The Cola Wars looked to fight for beverage supremacy and the ability to lubricate your tastebuds with sugary goodness. While Coca-Cola has been around since 1886 and PepsiCo since 1893, things didn't really start to heat up until 1975 when the latter introduced the "Pepsi Challenge" which showed that most people favored the taste of Pepsi in a blind taste test. In a disastrous misstep by Coke based off a marketing ploy, they reformatted Coke's formula and launched "New Coke" in 1985.

Pepsi seemed to have Coke reeling, and also happened to have the support of some of the biggest stars in the world. Whether a cruel joke or some kind of divine intervention, the legendary mishap with Michael Jackson, David Bowie's sexual assault on the heels of a major ad campaign featuring him, and the usage of Madonna's "Like a Prayer" in a commercial whose song was deemed blasphemous, gave Coke their opening. Additionally, in 1993, consumers in more than 20 states began finding syringes in their cans of Pepsi.

In October 1996, the cover of Fortune read, "How Coke Is Kicking Pepsi's Can" who asserted, "Coca-Cola makes mistakes too (it will never live down New Coke). But in general, Coke devises strategies, oversees operations, and develops talent in ways virtually antithetical to PepsiCo's. Instead of a sprint, Coke opts for the long run." Many assume the official signal to the end of the Cola Wars was when Diet Coke surpassed Pepsi as the second most popular soft drink in 2011. That same year, Coke sold $28 billion USD worth of soda while Pepsi came in at $12 billion USD.

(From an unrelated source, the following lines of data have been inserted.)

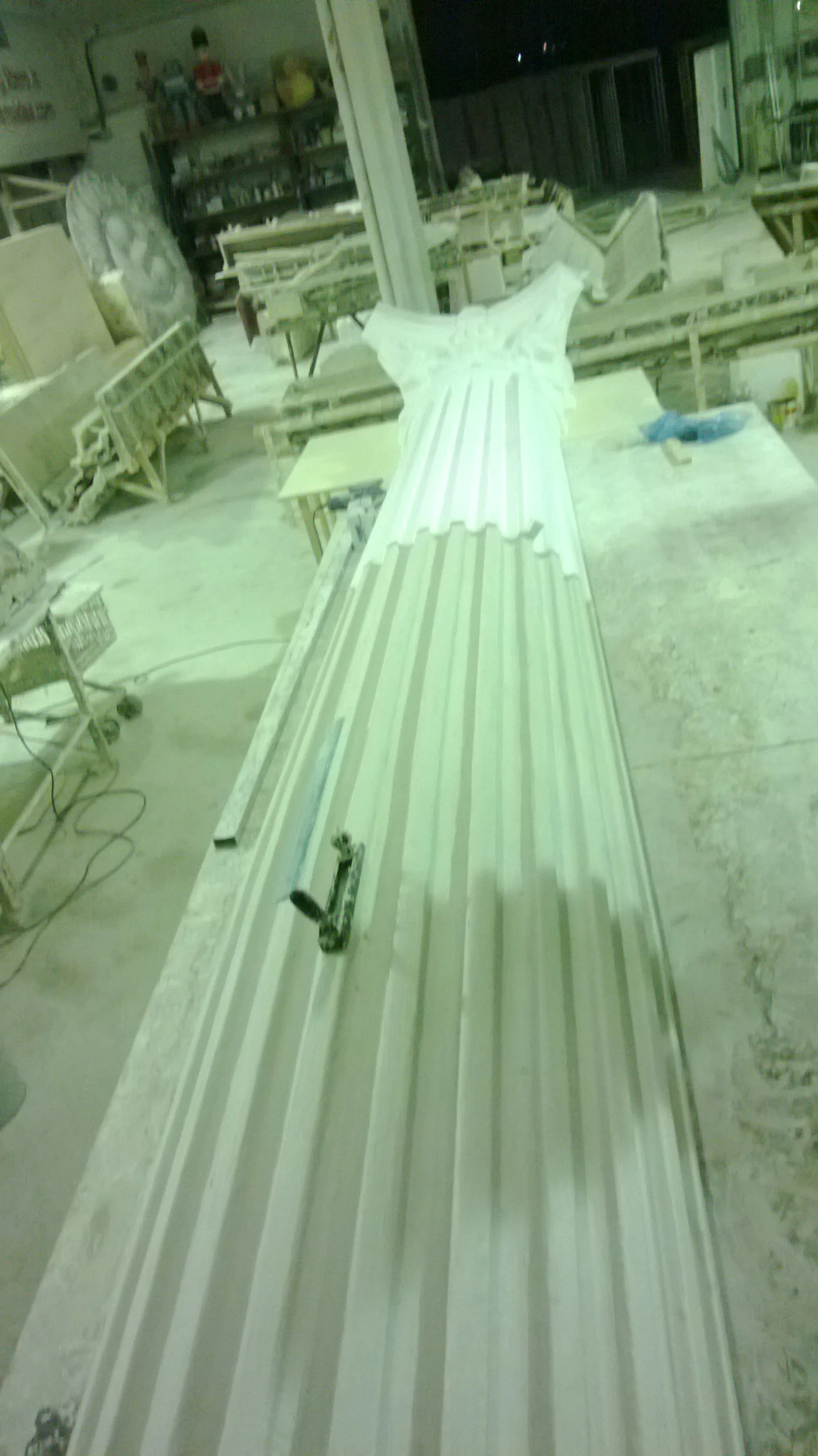 Preliminary modelling for a large scenographic piece, multi-day robot run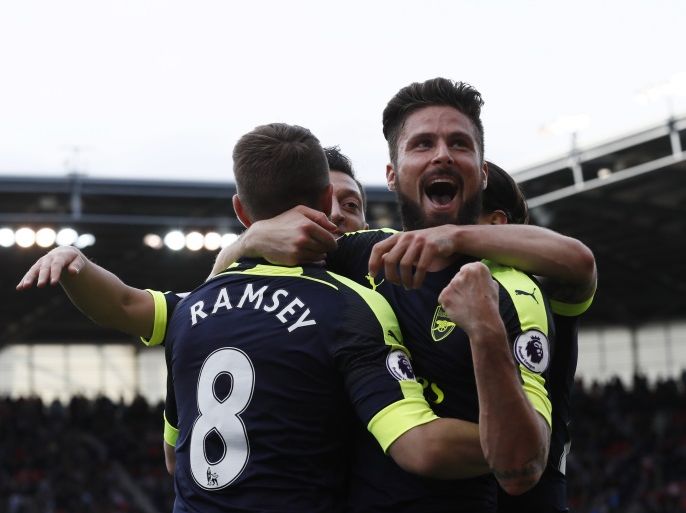 Britain Football Soccer - Stoke City v Arsenal - Premier League - bet365 Stadium - 13/5/17 Arsenal's Olivier Giroud celebrates scoring their fourth goal with team mates Reuters / Stefan Wermuth Livepic EDITORIAL USE ONLY. No use with unauthorized audio, video, data, fixture lists, club/league logos or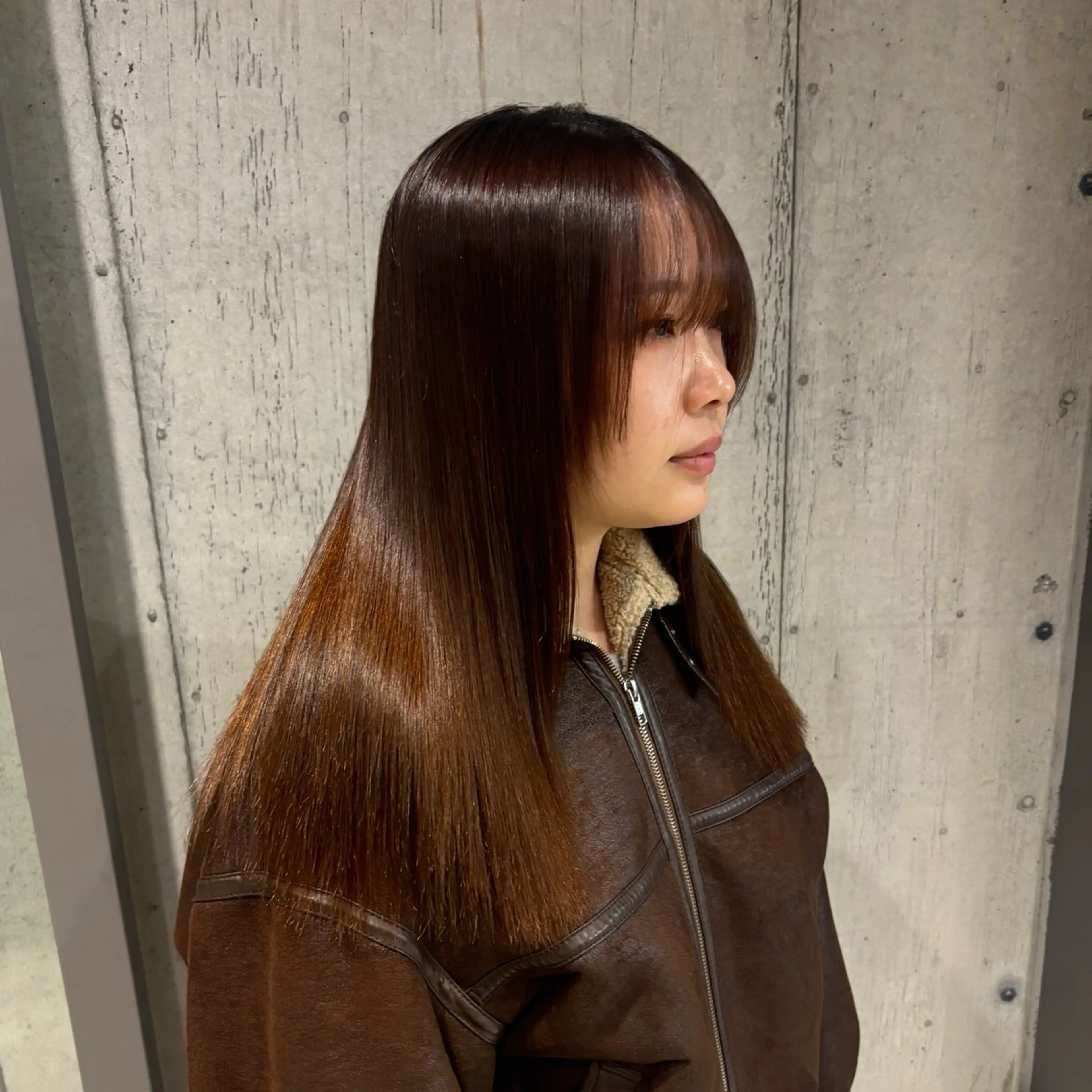 ロング ツヤ髪ハイトーン ×レイヤー🌝リオのヘアスタイル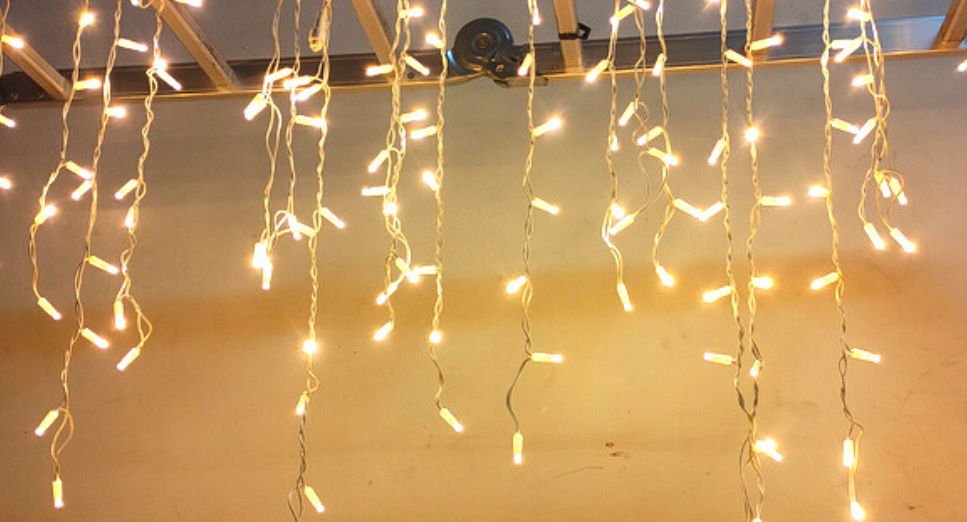 CASCATAS BLINDADAS 320 LEDS COM ESTROBINHOS - Foto 2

Union Pacific vs. Central Pacific

When the United States Congress passed the Pacific Railroad Act in 1862 it was settled that Union Pacific would lay rails west from Omaha, and the Central Pacific would start in Sacramento and build east. Each company would receive $16,000 for each mile of track of flat prairie land, $32,000 per mile for hilly terrain, and $48,000 per mile in the mountains - while also receiving 20 alternate sections of land for each mile of track completed in order to increase the speed at which the companies would work. Above all, both companies aimed for Ogden and Salt Lake City, for the railroad that captured these Mormon cities would control the traffic of the Great Basin.

Aside from the lawlessness associated with the times, Pacific used Chinese immigrant labor, while Union was staffed by Irishmen. For every one Union Pacific worker who was killed on the job due to an accident, four would be murdered in the various Hell on Wheels towns.

On May 10, 1869, both companies met in Promontory, Utah having competed 690 track-miles from Sacramento and 1,086 from Omaha. Geographically speaking, Union Pacific had won.

Tubes Sites vs. The Adult Industry

You know 'em. You've seen 'em. You've used 'em to give yourself a low-five. Regardless of the particular site you fancy, anyone with a fleeting awareness of how the Internet works understands that pornography is basically free aside from a few high-profile releases each year that usually feature "celebrities." Whereas the music industry fought back against early music sharing sites that culminated in compromises like Pandora and Spotify, a loophole in the Digital Millennium Copyright Act (DMCA) allows tube sites to knowingly go after a piece of the $13 billion USD tied to adult entertainment. According to the way the Act is written, Section 512 declares that online service providers are protected from liability for information posted or transmitted by subscribers if they quickly remove or disable access to material identified in a copyright holder's complaint. "We're dealing with the perfect storm: declining DVD sales, rampant piracy, free content and a weak economy,"  Steven Hirsch, founder of porn heavyweight Vivid Entertainment told the USA Today. The newspaper goes on to assert, "Vivid's Hirsch likens the exercise to a digital version of Whac-A-Mole. His company must troll the Internet, looking for offenders. It issues a letter, asking the offending site to take down its content within the law's 72-hour deadline. But the pirated content often is resurrected on someone else's site after being taken down."

Reports suggest that 80 percent of porn companies are now dead or defunct.